Here are a few reasons why:

  • First, very few virtualization users that I’m aware of have selected anything larger than 4-socket systems. Massive servers with 32 processors simply cost too much on a per-VM basis, and since you end up dividing them up into smaller virtual machines, there’s not much benefit to go with a massive system. Most hypervisors don’t support more than four virtual processors per virtual machine (including VMware -- you have to purchase the top-of-the-line Enterprise Plus to get 8-way virtual SMP).
  • Second, many of the HA features in large SMP systems can be provided by clustering or live migration capabilities in software.
  • Third, having all that capacity in one box used to make it easier to reallocate resources between partitions -- but live migration across physical boxes makes that unnecessary as well.
  • Lastly, some vendors have claimed that virtual environments built on big servers are easier to manage, since there are fewer physical endpoints to worry about. I think this is an older argument that dates back to when people purchased a Sun E10K to run a large number of websites. Ultimately, more automated management tools made it possible to run large numbers of scale-out servers at a similar cost.

Even among modular servers, there is some debate as to how big of a box you need. The recent release of the Intel Xeon 5500 allows you to manage a lot more memory with fewer physical CPUs. In order to provide the maximum amount of memory to their VMs, many companies purchased more processors than they needed -- simply so they could get enough RAM. Systems were still mostly memory bound, so with the release of the new Xeon 5500 that can address more DIMMS, we think that some firms will temporarily swing back towards systems with fewer CPUs. Plus, the CPUs have gotten much faster -- recent demonstrations by Intel are showing the new Xeon 5500-based servers running twice the workload of their prior models.

Excellent observations. Let me also add a 5th to your list: I/O bottlenecks. To get around this you need to add even more NIC/HBAs and cables etc. which further adds cost, complexity, and messes with migration, HA and DR issues. For example, should the HW crash, you'll need an equivalently-provisioned (and expensive) box to fail-over to.

Let me add 6th point based on 5th point above.Do you know how much Virtualization helps in saving the provisioning, development and testing, I don't think it is considered in your 5th point.Comming to HA and DR for Tier1 apps can you do without 2 physical boxes "no" hence virtualization is better in terms of achiving this as well as resource utilization also.

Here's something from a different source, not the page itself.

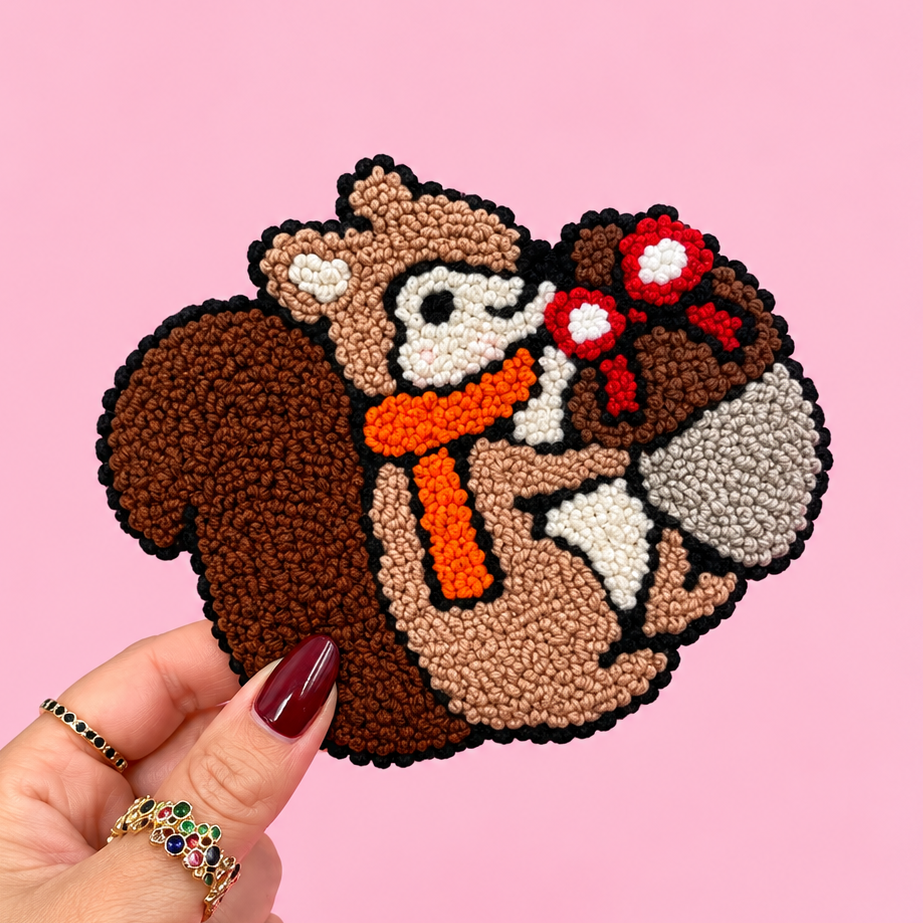 🐿️🍄 Handmade Punch Needle Woodland Squirrel Coaster 🍂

Savings on provisioning or ongoing management (for production or test systems) are a little tricky to calculate. The reason is, it depends on how advanced your capabilities are prior to virtualizaion.In some cases, I have spoken with clients who have had incredible increases in administrator productivity. In many cases, those IT shops didn't have much in the way of automation. Being able to provision a system from a virtual disk template was a huge improvement for them.Other companies (probably a minority) have automated configuration management tools like HP Opsware or BMC BladeLogic. For these companies, the increase in efficiency seems to be somewhat less -- since they already had the ability to rapidly build a system from a stored configuration.